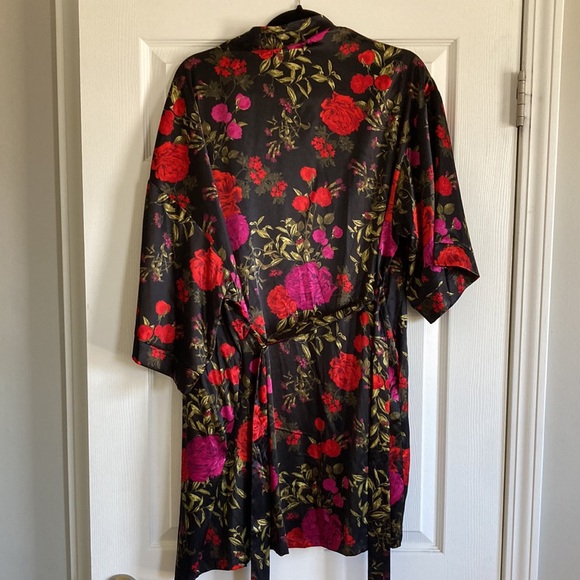 Ambrielle Robe - Picture 4 of 4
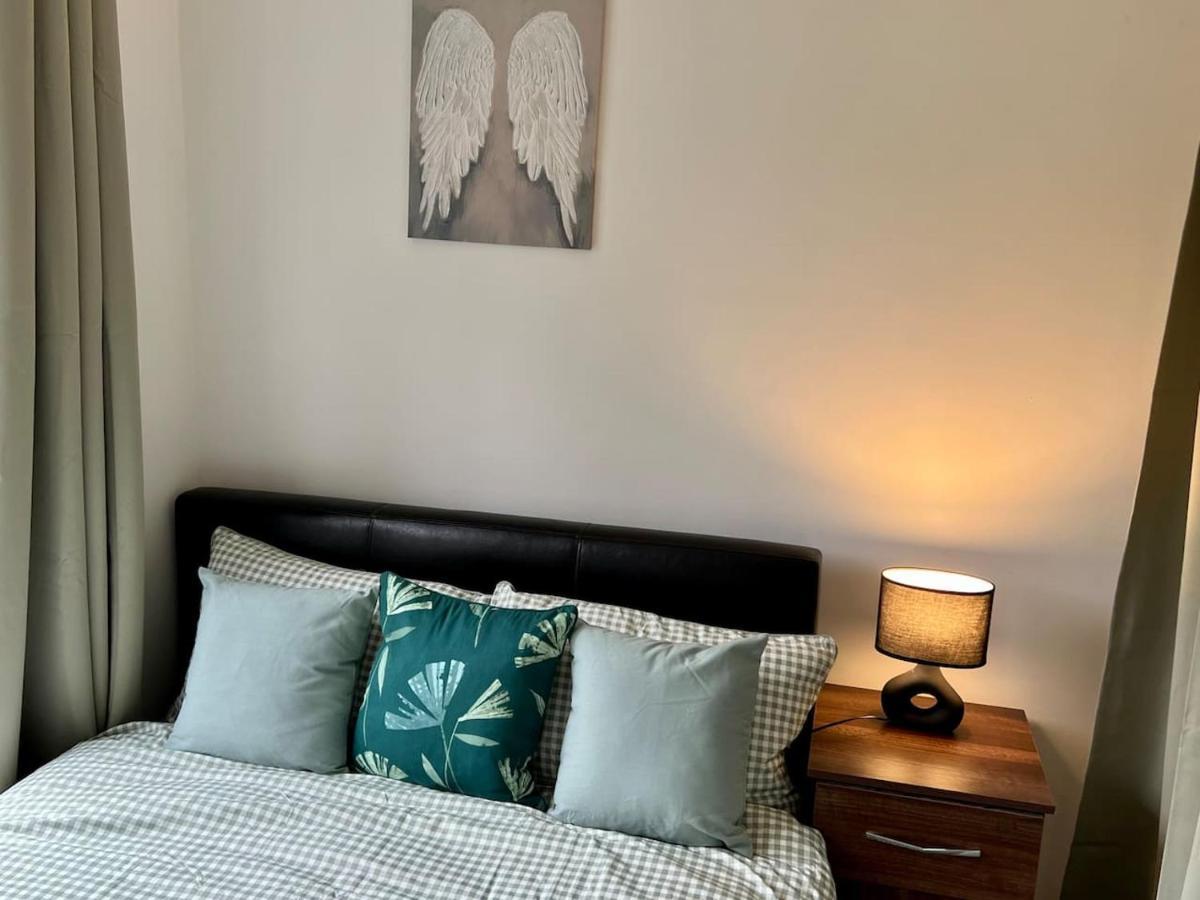 Holiday home 4 Bedroom Terrace House Wellingborough
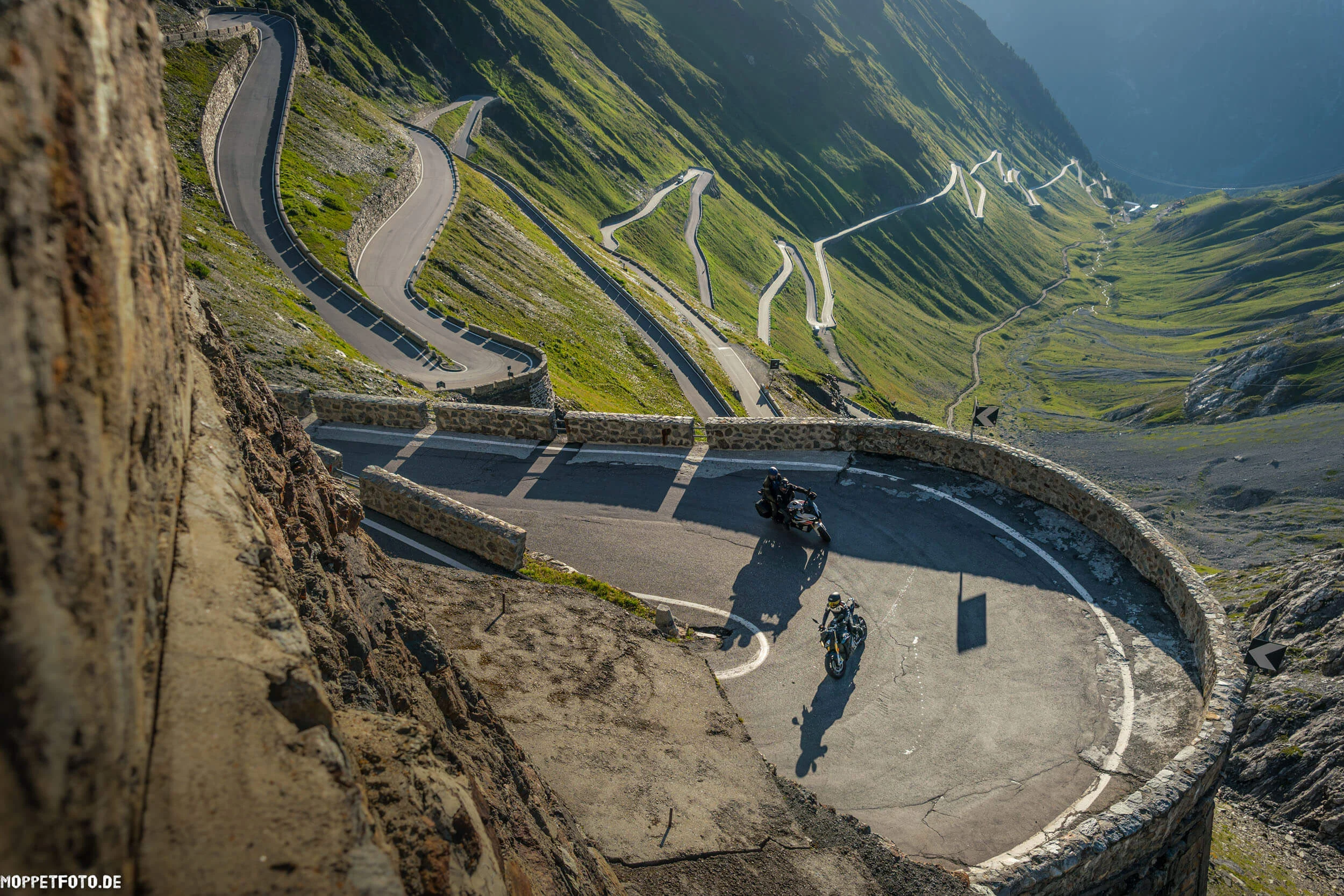 Italië © Moppetfoto.de Motorfietsen rijden op een kronkelende bergweg met steile hellingen
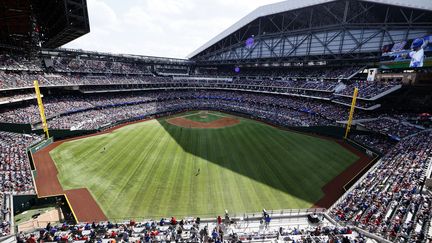 Près de 40 000 personnes au Globe Life Field des Texas Rangers, le premier match aux Etats-Unis sans restriction liée au Covid-19 a eu lieu le 5 avril 2021 (TOM PENNINGTON / GETTY IMAGES NORTH AMERICA)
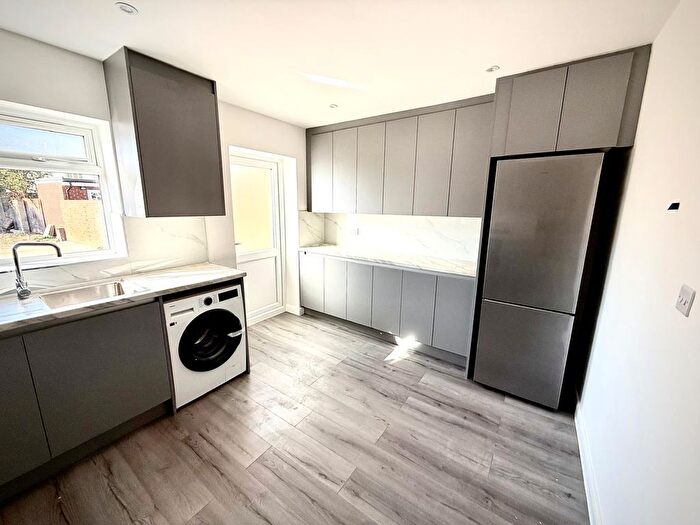 4 Bedroom Terraced House To Rent In Wentworth Road, Southall, UB2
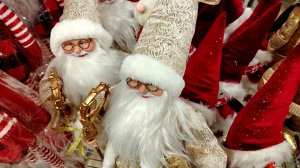 Новогодние подарки в супермаркете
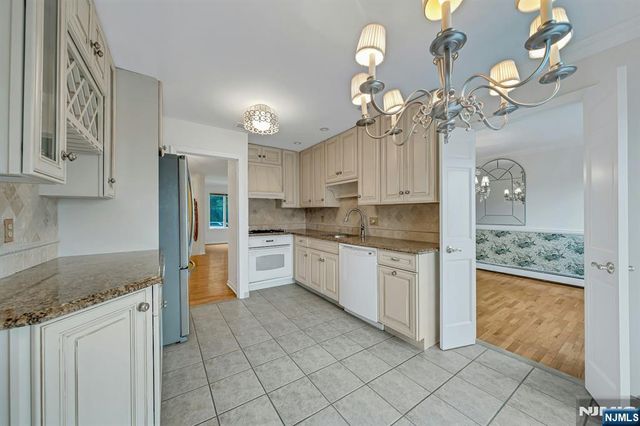141 Middlesex Avenue, Englewood Cliffs, NJ 07632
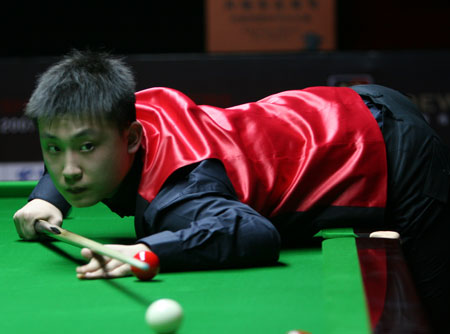 北京男篮在俱乐部杯首战惨败，内线劣势明显，外援表现疲软，青岛男篮以较大优势取胜。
____________________
**Description of the task**:
Repeat every record above exactly, but leave out any pictures.

**Your solution**:
 Ambrielle Robe - Picture 4 of 4
 Holiday home 4 Bedroom Terrace House Wellingborough
 Italië © Moppetfoto.de Motorfietsen rijden op een kronkelende bergweg met steile hellingen
 Près de 40 000 personnes au Globe Life Field des Texas Rangers, le premier match aux Etats-Unis sans restriction liée au Covid-19 a eu lieu le 5 avril 2021 (TOM PENNINGTON / GETTY IMAGES NORTH AMERICA)
 4 Bedroom Terraced House To Rent In Wentworth Road, Southall, UB2
 Новогодние подарки в супермаркете
141 Middlesex Avenue, Englewood Cliffs, NJ 07632
 北京男篮在俱乐部杯首战惨败，内线劣势明显，外援表现疲软，青岛男篮以较大优势取胜。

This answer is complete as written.